Kidney Biopsy: In some cases, a kidney biopsy may be performed to examine kidney tissue for Gb3 deposits.
Other Tests: Additional tests may be conducted to assess the extent of organ involvement, such as echocardiography for heart function, nerve conduction studies for nerve damage, and eye exams for corneal opacities.
Timeline of Symptoms
The onset and progression of Fabry disease symptoms can vary, but a general timeline includes:
Childhood/Adolescence: Pain in the hands and feet (acroparasthesia), angiokeratomas, decreased sweating, gastrointestinal problems.
Adulthood: Kidney problems (proteinuria, declining kidney function), heart problems (cardiomyopathy, arrhythmias), neurological problems (stroke, TIA).
Later Life: End-stage renal disease, severe heart failure, increased risk of stroke and death. It's important to note that some individuals may experience symptoms earlier or later than this general timeline.
Important Considerations
Early Diagnosis: Early diagnosis is crucial to initiate treatment and prevent or delay organ damage.
Variable Expression: The severity of Fabry disease can vary significantly, even among family members with the same mutation.
Carrier Status: Females who carry one copy of the mutated GLA gene may or may not experience symptoms. They should be monitored for signs of the disease and receive appropriate treatment if needed.
Multidisciplinary Care: Management of Fabry disease requires a multidisciplinary approach involving specialists such as nephrologists, cardiologists, neurologists, geneticists, and pain management specialists.

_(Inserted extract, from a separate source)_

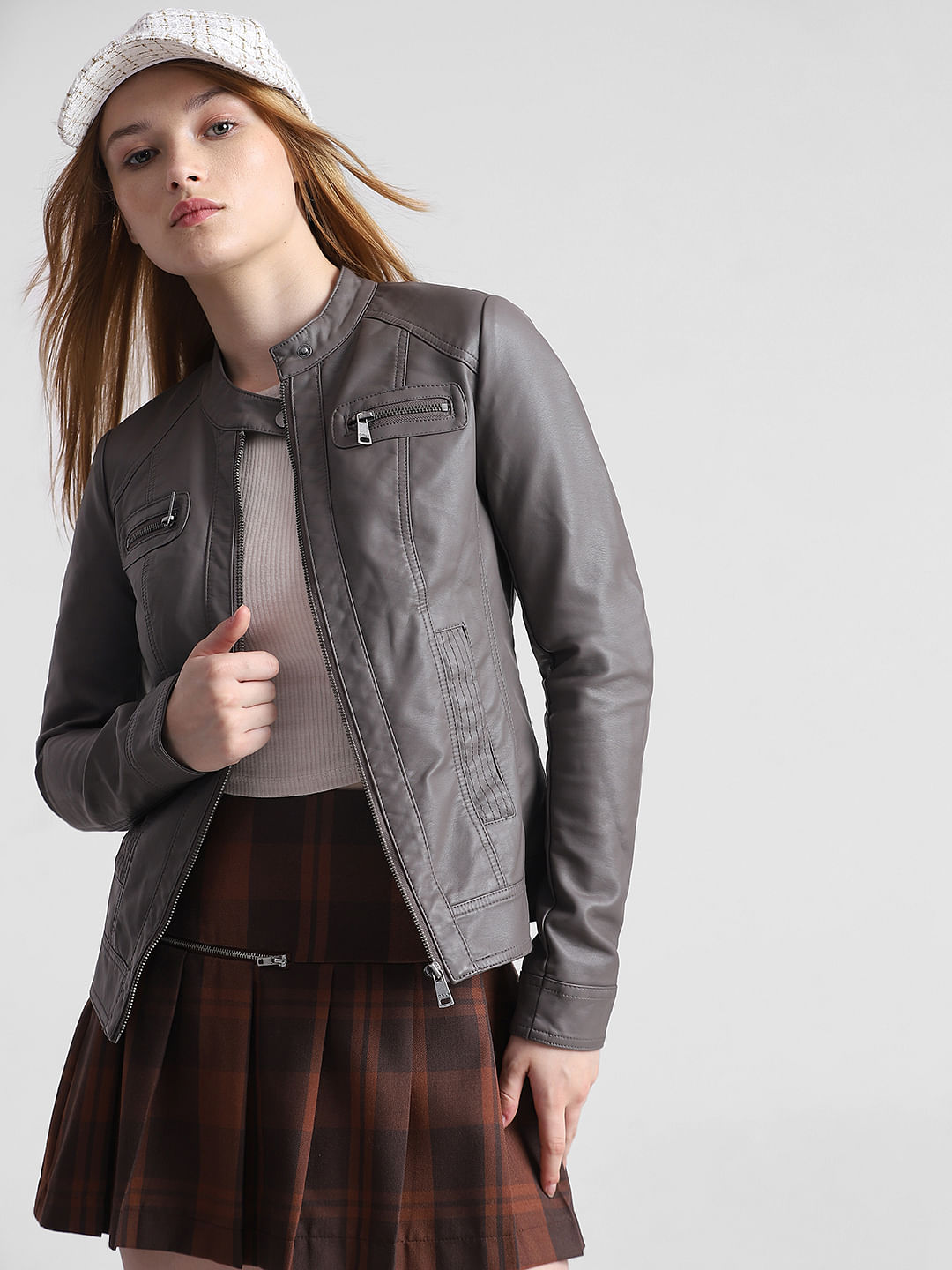 Grey faux leather biker jacket hotsell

Psychological Support: Living with a chronic condition like Fabry disease can be challenging. Psychological support and counseling can help individuals cope with the physical and emotional aspects of the disease.
Research and Clinical Trials: Ongoing research is aimed at developing new and improved therapies for Fabry disease. Individuals may consider participating in clinical trials to contribute to advancements in treatment.